In conclusion, I believe the Method has to do with engaging, connecting and showing our youth how to live and apply their faith to their lives, not simply conveying information or making the youth biblically smart. It involves designing Family Ministries to teach parents and youth Biblical life skills and worldview, ideally together at times. It does not water down the Gospel or Biblical Truth but finds new and innovative ways to convey Biblical Truth using technology, non-traditional methods and hands on experiences rather than traditional lecturing. It brings the youth into the process of daily Church functions, Sunday Services and advisory boards and gets ministry and the youth groups out of the Church building and into the real world, mentoring them on how to be salt and lights in the world but not of the world.

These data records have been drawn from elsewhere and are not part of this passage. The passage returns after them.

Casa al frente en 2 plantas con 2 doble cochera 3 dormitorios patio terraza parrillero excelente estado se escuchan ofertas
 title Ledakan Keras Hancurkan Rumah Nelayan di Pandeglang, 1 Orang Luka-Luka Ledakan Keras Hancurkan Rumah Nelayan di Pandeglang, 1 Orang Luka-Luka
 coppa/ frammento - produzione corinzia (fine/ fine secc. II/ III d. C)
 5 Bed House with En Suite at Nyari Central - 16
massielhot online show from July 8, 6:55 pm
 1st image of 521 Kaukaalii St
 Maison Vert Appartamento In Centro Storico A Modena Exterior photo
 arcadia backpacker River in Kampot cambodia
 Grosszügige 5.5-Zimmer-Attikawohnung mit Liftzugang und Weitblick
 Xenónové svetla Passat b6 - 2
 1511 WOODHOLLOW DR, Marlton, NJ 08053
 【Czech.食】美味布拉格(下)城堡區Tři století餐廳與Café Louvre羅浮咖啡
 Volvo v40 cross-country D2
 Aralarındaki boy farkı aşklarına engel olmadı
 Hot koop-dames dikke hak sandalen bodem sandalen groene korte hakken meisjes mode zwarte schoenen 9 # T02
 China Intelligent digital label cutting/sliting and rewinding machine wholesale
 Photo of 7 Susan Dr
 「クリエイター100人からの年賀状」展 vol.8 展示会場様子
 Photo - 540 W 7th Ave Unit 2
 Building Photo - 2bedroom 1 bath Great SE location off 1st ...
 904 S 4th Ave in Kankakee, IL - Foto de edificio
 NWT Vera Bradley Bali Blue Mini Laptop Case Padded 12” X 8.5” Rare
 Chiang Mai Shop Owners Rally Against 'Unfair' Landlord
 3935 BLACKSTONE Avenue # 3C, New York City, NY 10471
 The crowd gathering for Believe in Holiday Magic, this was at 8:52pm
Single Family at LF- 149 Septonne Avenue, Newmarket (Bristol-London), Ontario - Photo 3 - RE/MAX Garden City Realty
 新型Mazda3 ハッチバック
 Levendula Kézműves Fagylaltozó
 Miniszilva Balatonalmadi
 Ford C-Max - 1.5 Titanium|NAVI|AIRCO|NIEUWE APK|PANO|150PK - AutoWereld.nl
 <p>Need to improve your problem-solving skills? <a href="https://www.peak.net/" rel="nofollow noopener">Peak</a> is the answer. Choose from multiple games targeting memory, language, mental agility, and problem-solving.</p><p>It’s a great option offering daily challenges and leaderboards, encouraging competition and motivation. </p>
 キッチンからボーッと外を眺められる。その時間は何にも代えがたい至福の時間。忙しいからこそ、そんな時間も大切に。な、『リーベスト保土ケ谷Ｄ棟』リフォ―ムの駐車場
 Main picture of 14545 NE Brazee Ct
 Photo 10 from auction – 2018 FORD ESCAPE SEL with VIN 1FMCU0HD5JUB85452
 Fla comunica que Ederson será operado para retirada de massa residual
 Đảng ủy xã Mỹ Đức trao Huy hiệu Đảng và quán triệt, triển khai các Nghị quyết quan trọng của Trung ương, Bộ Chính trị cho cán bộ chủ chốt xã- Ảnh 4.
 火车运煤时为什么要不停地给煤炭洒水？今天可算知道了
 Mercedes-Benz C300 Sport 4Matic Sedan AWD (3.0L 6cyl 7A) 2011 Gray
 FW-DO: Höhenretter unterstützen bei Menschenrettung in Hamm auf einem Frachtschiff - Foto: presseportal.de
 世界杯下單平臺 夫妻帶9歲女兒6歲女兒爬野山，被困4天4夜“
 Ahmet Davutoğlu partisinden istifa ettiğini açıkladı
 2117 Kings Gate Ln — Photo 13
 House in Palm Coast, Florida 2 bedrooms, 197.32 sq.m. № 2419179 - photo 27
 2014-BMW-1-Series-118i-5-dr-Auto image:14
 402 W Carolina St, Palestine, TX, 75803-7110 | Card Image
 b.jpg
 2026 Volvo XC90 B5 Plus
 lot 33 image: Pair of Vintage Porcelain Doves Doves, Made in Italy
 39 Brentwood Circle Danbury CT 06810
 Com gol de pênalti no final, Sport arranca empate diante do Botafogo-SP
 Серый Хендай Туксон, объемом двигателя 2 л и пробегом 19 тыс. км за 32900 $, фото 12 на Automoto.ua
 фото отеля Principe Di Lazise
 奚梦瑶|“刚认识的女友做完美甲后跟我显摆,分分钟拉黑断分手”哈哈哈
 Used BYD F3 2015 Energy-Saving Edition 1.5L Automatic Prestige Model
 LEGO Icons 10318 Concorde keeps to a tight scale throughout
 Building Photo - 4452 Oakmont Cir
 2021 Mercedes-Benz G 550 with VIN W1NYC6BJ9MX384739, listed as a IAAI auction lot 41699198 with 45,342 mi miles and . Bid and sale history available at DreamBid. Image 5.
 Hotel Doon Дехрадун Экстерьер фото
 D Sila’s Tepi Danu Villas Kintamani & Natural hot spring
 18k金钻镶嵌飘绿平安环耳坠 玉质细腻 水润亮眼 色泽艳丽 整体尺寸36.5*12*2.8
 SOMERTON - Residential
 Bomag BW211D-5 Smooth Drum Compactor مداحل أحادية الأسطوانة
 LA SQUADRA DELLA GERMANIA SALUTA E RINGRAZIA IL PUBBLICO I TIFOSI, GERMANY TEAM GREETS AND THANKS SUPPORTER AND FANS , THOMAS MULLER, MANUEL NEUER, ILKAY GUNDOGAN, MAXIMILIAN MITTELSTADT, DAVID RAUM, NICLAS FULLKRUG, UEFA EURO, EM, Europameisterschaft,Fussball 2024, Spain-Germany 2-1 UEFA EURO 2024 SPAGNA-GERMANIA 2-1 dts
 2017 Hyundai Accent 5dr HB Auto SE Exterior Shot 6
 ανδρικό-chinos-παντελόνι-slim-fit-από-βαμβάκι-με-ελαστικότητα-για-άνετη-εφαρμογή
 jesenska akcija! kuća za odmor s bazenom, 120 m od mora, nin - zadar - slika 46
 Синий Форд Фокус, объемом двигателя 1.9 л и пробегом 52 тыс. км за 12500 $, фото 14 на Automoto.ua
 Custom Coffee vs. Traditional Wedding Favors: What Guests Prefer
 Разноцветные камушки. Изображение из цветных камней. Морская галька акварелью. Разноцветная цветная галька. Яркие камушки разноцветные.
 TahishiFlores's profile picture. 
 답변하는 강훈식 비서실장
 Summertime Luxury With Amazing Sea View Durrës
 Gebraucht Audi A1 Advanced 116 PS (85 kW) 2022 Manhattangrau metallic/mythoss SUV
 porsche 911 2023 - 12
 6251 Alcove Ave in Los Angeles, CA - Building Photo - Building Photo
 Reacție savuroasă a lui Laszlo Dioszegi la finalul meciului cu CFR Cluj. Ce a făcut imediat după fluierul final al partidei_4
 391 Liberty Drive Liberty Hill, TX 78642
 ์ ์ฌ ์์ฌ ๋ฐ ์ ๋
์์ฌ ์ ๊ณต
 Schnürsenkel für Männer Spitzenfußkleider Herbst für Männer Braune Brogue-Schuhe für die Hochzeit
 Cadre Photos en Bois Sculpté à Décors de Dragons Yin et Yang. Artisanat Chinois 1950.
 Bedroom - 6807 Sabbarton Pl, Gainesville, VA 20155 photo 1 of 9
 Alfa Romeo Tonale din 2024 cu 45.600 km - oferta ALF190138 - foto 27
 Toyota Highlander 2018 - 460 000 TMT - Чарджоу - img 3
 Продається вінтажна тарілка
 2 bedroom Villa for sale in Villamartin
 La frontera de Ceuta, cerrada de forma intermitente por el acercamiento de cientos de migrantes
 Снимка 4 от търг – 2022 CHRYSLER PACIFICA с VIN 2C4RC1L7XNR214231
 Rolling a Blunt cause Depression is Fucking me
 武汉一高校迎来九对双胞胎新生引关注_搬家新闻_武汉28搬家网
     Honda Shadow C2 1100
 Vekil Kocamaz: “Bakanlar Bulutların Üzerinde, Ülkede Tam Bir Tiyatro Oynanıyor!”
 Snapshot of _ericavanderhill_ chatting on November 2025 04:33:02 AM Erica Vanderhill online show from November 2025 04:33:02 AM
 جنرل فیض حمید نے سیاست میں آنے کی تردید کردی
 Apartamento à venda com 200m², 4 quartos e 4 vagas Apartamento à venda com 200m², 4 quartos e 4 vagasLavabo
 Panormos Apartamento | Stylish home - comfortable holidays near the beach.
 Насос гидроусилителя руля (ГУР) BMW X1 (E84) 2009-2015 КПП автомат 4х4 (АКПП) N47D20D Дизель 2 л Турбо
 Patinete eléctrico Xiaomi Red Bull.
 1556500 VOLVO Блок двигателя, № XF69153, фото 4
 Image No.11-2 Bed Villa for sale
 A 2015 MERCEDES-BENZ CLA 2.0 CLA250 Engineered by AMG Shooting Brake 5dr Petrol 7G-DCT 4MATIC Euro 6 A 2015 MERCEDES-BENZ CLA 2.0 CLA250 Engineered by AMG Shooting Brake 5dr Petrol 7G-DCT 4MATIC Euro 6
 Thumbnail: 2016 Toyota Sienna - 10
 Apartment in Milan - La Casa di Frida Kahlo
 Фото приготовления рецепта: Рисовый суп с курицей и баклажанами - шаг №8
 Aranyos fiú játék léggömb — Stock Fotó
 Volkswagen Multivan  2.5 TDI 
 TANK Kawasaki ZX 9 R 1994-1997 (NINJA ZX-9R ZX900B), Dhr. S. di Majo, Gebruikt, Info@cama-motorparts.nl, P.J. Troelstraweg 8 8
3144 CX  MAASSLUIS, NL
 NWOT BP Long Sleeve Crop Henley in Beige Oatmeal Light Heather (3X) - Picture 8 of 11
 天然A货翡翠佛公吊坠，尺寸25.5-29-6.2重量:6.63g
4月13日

I can only pray that we as the older generations realize the importance of this mission and of embracing these new ideas regardless of whether we fully understand why they are so important to this generation. Every generation is different than the one before it and this one, while radically different from our own, stands at the door to be world changers for Christ if we only come along side them and empower them to carry their generations cross for Christ in their own way.